Recorded data section start

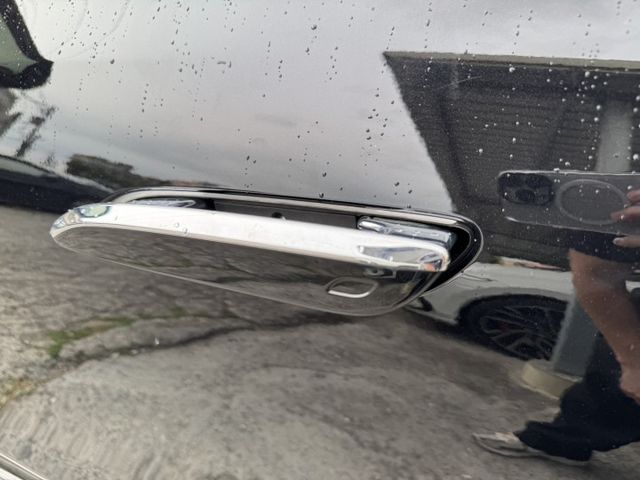 AMG 跑兩萬八 原鈑件 定期保養 里程保證 ACC 360環景 柏林之音 通風椅 全景天窗  第13張相片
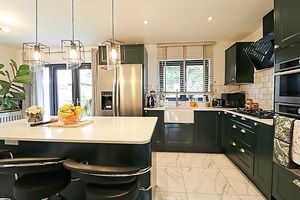 Kitchen- click for photo gallery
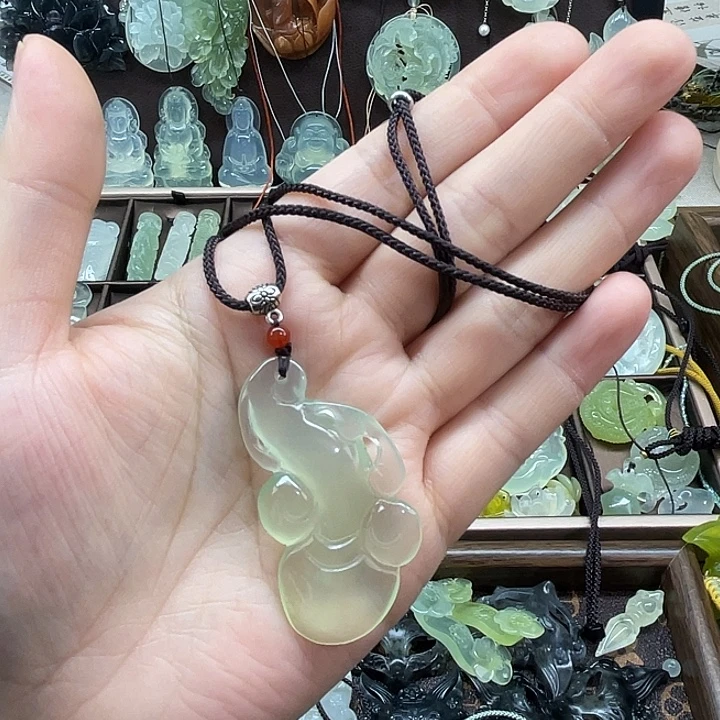 ？***？岫玉未镶嵌吊坠(赠链)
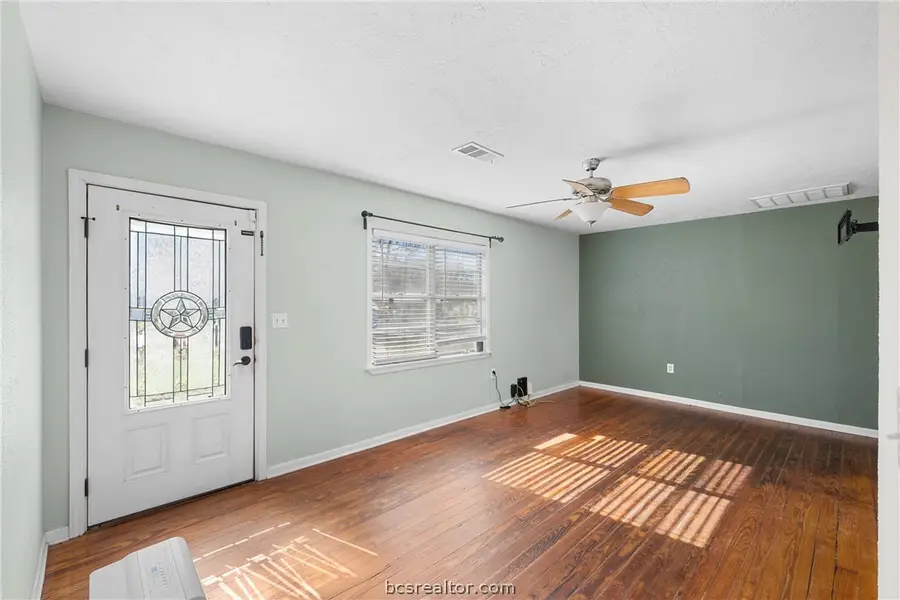 500 N Banks Street, Caldwell, TX 77836 - #3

Recorded data section end

● **Your goal**
What you return must match the material above exactly, minus its pictures.

● **Completed exercise**
 AMG 跑兩萬八 原鈑件 定期保養 里程保證 ACC 360環景 柏林之音 通風椅 全景天窗  第13張相片
 Kitchen- click for photo gallery
 ？***？岫玉未镶嵌吊坠(赠链)
 500 N Banks Street, Caldwell, TX 77836 - #3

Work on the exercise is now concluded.